- _Task prompt_: The copy you return should hold only the lines from the top of the data below through the line with "Rainbow Rhodactis Mushroom Coral", each duplicated exactly and with no pictures.

====== The data ======

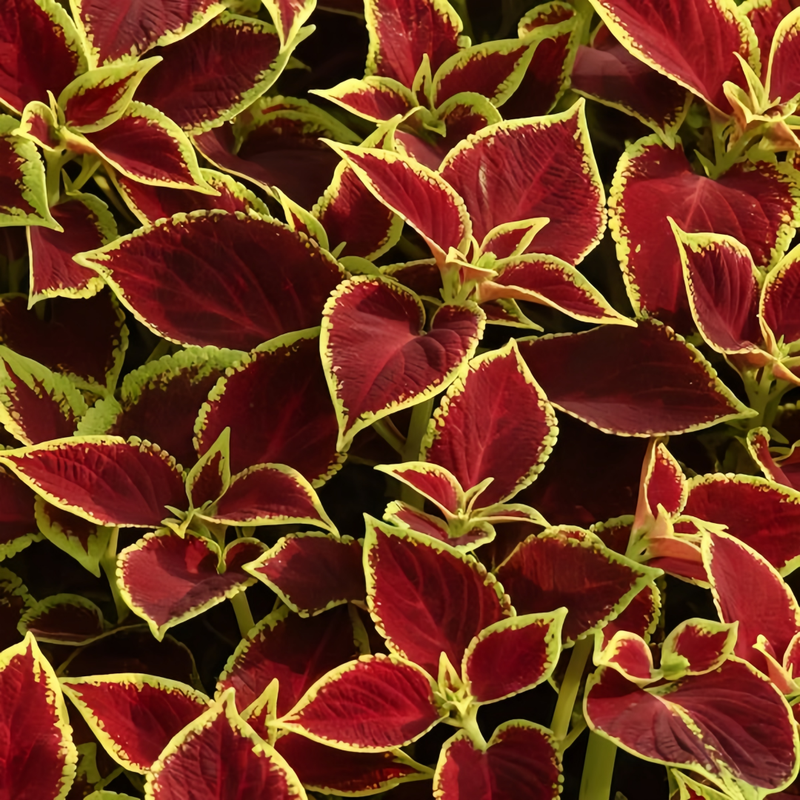 Coleus Seeds - Red Leaves With Yellow Edges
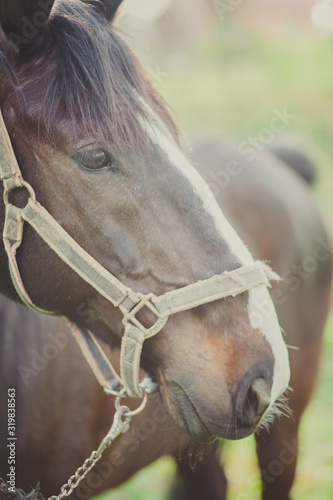 konie © wudar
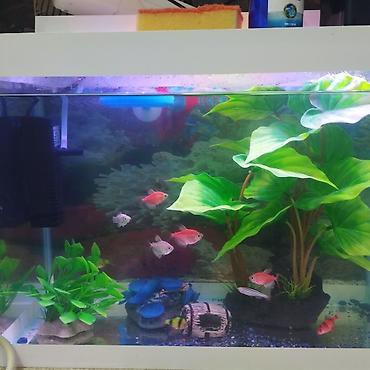 syomqa baliq: Dördbucaq akvarium, Boş, 24 l — 2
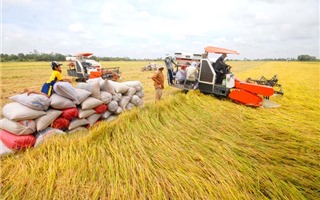 Giải quyết vấn đề lúa gạo giảm giá: Vẫn là câu chuyện chất lượng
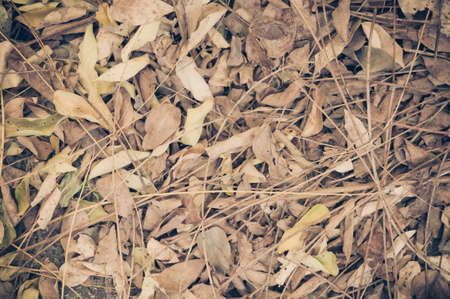 Dried leaves backgroundの写真素材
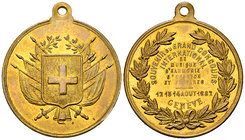Genf, AE Medaille 1882, Grand concours musical 

Schweiz, Genf/Genève. AE Medaille 1882 (33 mm, 8.92 g), Souvenir du grand concours international de...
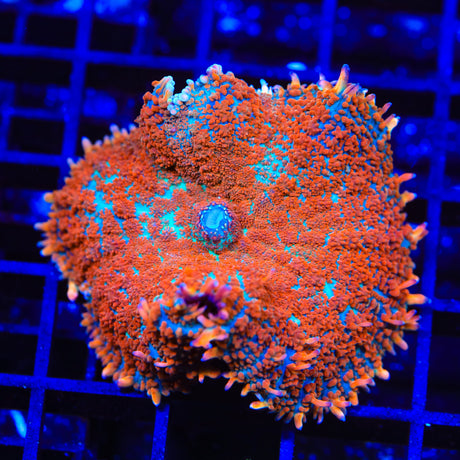 Rainbow Rhodactis Mushroom Coral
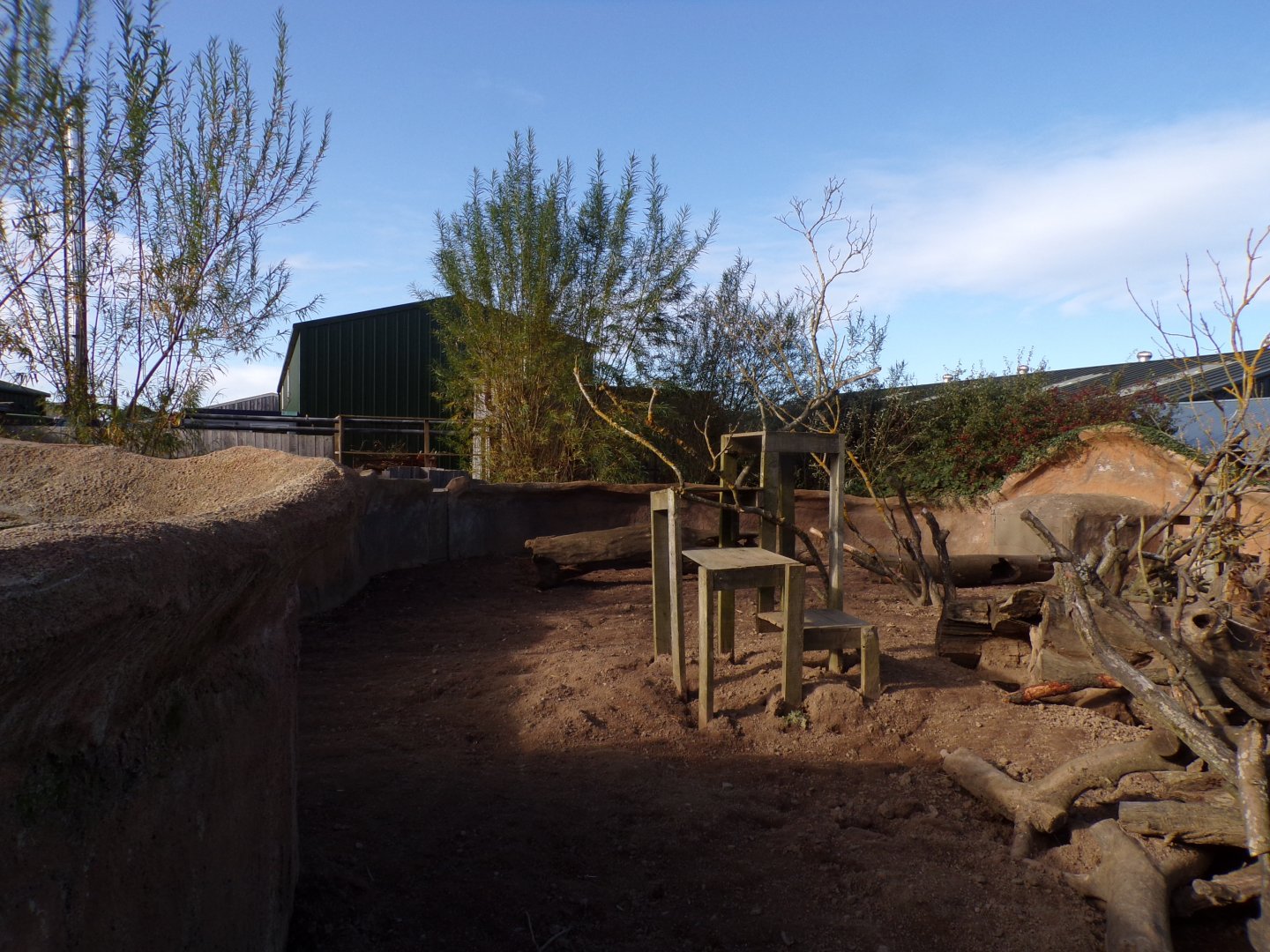 Meerkat and cape porcupine enclosure 14.10.23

======

- _Reply to the task_:
 Coleus Seeds - Red Leaves With Yellow Edges
 konie © wudar
 syomqa baliq: Dördbucaq akvarium, Boş, 24 l — 2
 Giải quyết vấn đề lúa gạo giảm giá: Vẫn là câu chuyện chất lượng
 Dried leaves backgroundの写真素材
Genf, AE Medaille 1882, Grand concours musical 

Schweiz, Genf/Genève. AE Medaille 1882 (33 mm, 8.92 g), Souvenir du grand concours international de...
 Rainbow Rhodactis Mushroom Coral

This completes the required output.